Different versions of v100 could hold different number of tokens?


I am trying to deal with an OOM issue. The issue was caused by the fact that some of the input is too long (too many characters or tokens). I am using a batch size of 1 already.

My original understanding was that the usage of GPU memory was dominated by the number of tokens in the input. So I set an upper bound on the number of input tokens.
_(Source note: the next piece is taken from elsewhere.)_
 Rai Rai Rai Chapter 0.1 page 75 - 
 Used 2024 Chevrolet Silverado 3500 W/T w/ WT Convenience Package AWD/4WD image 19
I then tested this on two types of virtual machines. These two types of VMs have the same type of GPU: V100, 16Gb. But the same token limit worked on one VM, didn’t work on the other one. For example, on one machine, 8000 tokens would work as a good limit (lead to no OOM)while on the other machine, 6500 tokens would (lead to no OOM). They were using the same input.
After a second look, seemed that there is a difference between the GPUs.
One is this: Tesla V100-PCIE, with 250W. Another one is Tesla V100-SXM2, with 300W.
There is a difference in terms of Driver version as well. The first one is 525.147.05 and the second one is 525.105.17. The CUDA versions are the same.
What could be the reason of this significant difference in terms of token limits? Could that be the version of the GPU, or is it the driver version? Thanks!

Hi @ud_heller1989 ,
This forum talks about issues related to TensorRT. However sharing more details and the detailed logs may help us understanding the issue better.


Thanks, @AakankshaS ! Is there a better place I could post this question? For more details: I am using Ubuntu 22.04 VMs. The summary of the question is: for the same code, same data, and same GPU (but not same version I guess. There are minor differences) I observe that there seems to be a different token limit that each GPU could hold. I want to know the reason behind this. Thanks!